January 2nd, 2012
02:57 PM GMT
Abu Dhabi (CNN) – Iran is using what is normally a quiet holiday lull in the West to make the most of its military manoeuvres in the Strait of Hormuz, which have concluded after 10 days. The navy test-fired two types of long-range missiles, following the launch of medium-range devices on New Year’s Day.
From afar, it would appear that Iran is throwing its trump cards on the table very early in this standoff with the United States, the European Union and the six members of the Gulf Cooperation Council (Saudi Arabia, Bahrain, Kuwait, the United Arab Emirates, Oman and Qatar).
But analysts say the Iranian government sees it differently. The latest round of sanctions from Washington – built into the U.S. defense bill – among other things targets Iran’s central bank. This is similar to the strategy used by the European Union with its sanctions against Syria. If action is taken to cut off the arteries of a country’s financial system, then it becomes very difficult for it to trade any of its assets – most importantly oil in Iran’s case.
This explains the sudden plunge in Iran’s currency, the rial, to a record low after U.S. President Barrack Obama signed the legislation. The spread between the official central bank rate of 11,179 rials against the dollar and the public exchange rate widened by nearly 5,000 rials, according to IRNA, the Iranian state news agency. A sustained plunge in the currency could drive up the cost of imported goods and spark inflation.
Mehdi Varzi, a veteran energy strategist and now president of the consultancy Varzi Energy, says Iran is feeling boxed in and is therefore lashing out with military manoeuvres and the test-firing of missiles. “Iran is trying to react to something that is being threatened by the West,” says Varzi. “It is a very real and dangerous threat to the country.”

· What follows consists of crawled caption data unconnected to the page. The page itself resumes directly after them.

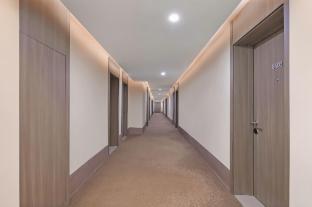 hanting hotel yizheng gongnong road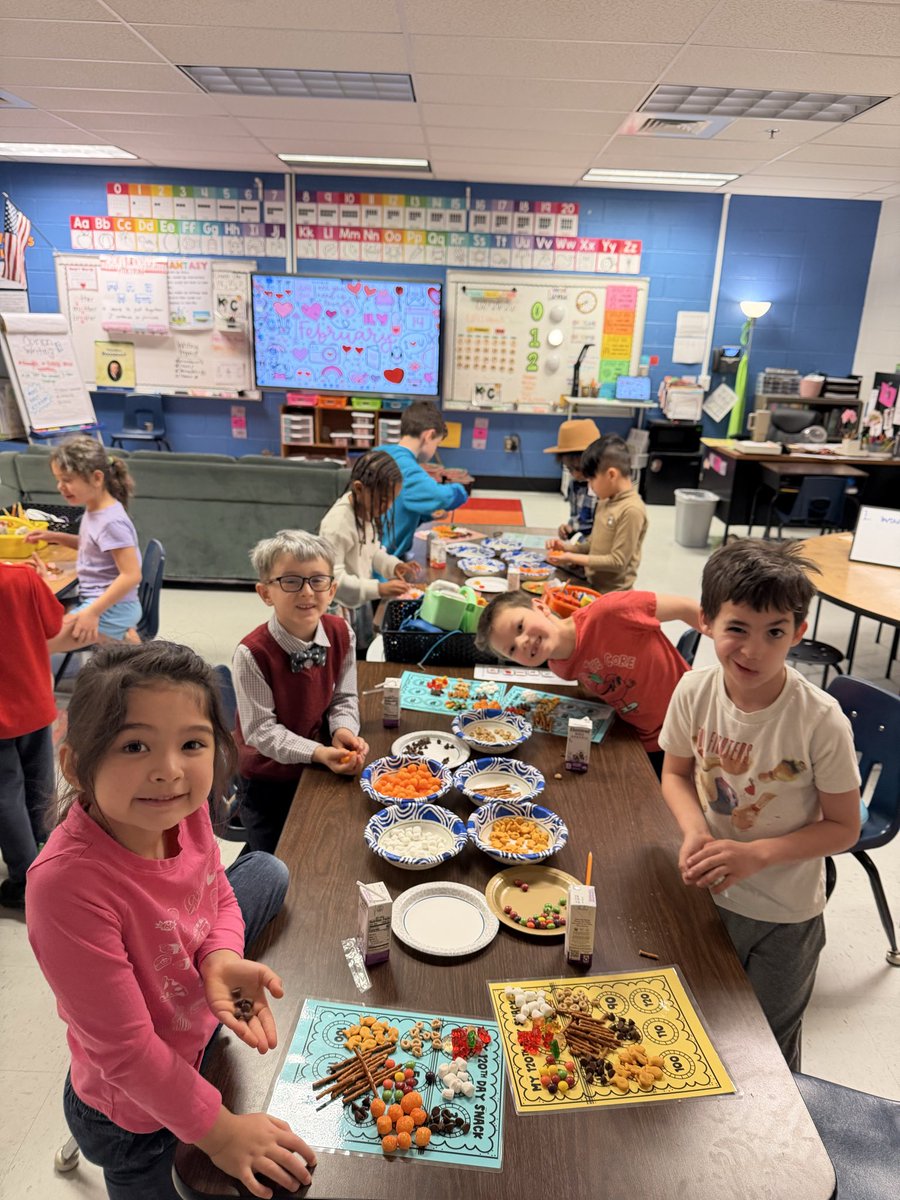 StillElem's tweet photo. Even snack time was fun for our first graders today! Students counted out ten pieces of each snack so everyone ended up with their own “120‑piece snack” to celebrate the 120th day of school. 🎉🍎📚

#120thDayOfSchool #FirstGradeFun https://t.co/xlAtDBDChq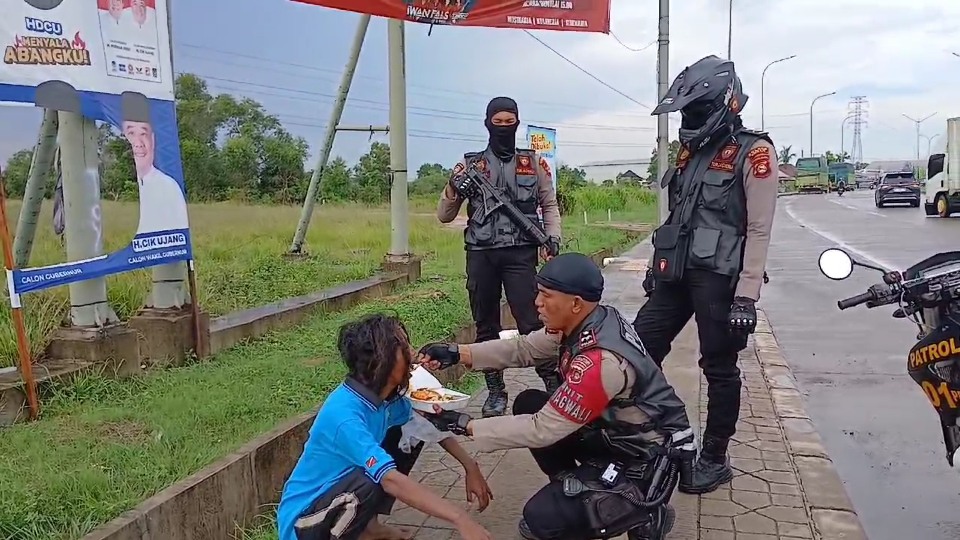 Polres Ogan Ilir Peduli, ODGJ Dipakaikan Baju dan Disuapin  Makan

Military manoeuvres, strategists suggest, are a warning not only to the U.S. and Europe but to the GCC. In its final communique at their summit last month, the six members of the GCC called on Iran to stop meddling in internal affairs and attempts to "instigate sectarian strife." Saudi Arabia’s $30 billion military order, approved by Washington after that GCC communiqué, also seemed to raise tensions before Iran’s military exercises started.
Iran, according to Facts Global Energy, earned $73 billion from oil exports in 2011 on exports of 2.2 million barrels a day. The oil sanctions being considered by the EU would cut off less than a quarter of that total, or about 450-500 thousand barrels a day. Major Asian customers, strategists say, would carry on importing – notably China, South Korea and Japan. With little spare oil capacity in the world, those countries cannot at this juncture live without Iranian crude. FGE estimates that sanctions could reduce Iran’s exports by 10-15 percent with an annual cost of about $15 billion to Iran.
For its part, Iran’s oil minister Rostam Qassemi suggests that oil sanctions against its exports could double prices from today’s levels of about $107 for the benchmark North Sea Brent Crude.
Energy strategist Varzi says there is already a premium built into today’s price - but that premium is for a threat, not military confrontation in and around the Strait of Hormuz, through which passes one-fifth of daily global oil exports.